▶ _What you will do_
Begin your copy at the line with "Kosako - U Ime Lou Baumann" in the records below and end it at the line with "Korukır'dan İddialı A&ccedil;ıklamalar", restating each line word for word; omit the pictures.

▶ _Extracted information_

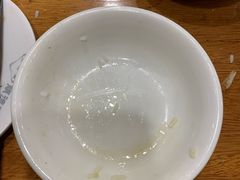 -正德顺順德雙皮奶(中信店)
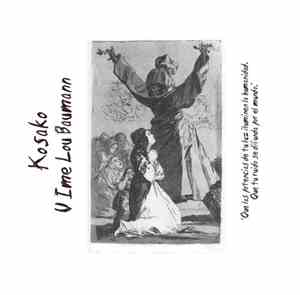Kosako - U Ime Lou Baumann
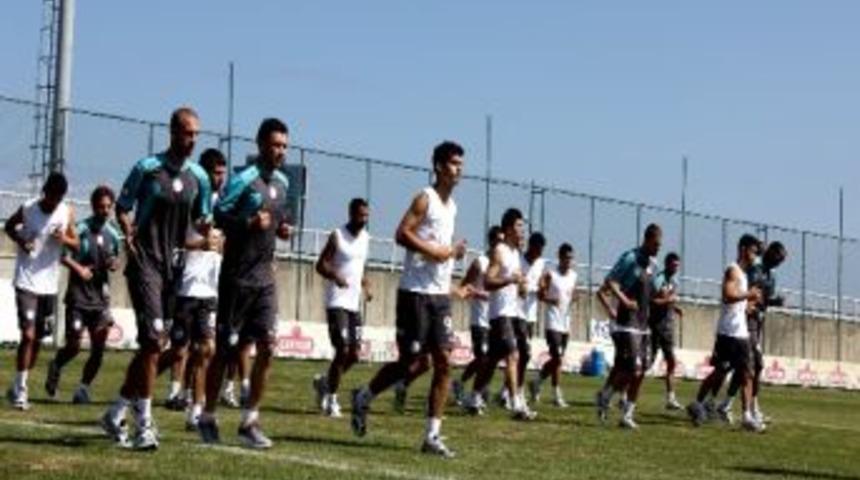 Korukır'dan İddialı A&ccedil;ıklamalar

--

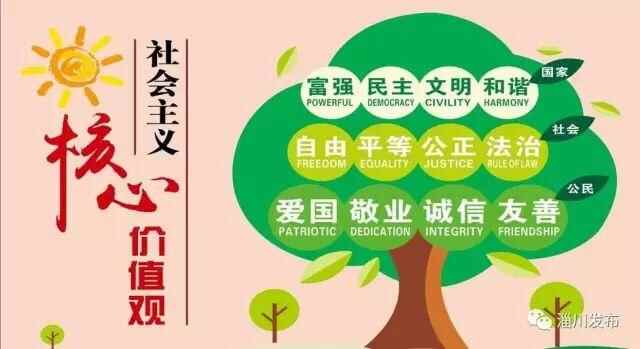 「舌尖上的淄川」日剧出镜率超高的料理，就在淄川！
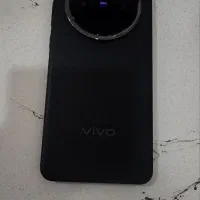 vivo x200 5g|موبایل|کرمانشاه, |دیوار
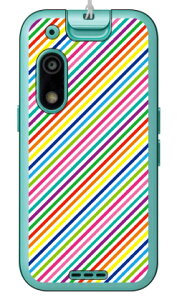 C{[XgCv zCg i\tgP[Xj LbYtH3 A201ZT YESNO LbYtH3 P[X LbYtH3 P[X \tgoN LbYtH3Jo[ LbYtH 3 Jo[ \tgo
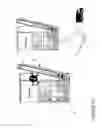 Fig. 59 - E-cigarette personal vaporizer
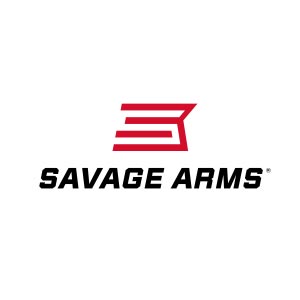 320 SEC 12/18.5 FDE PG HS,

▶ _Solved exercise_
Kosako - U Ime Lou Baumann
 Korukır'dan İddialı A&ccedil;ıklamalar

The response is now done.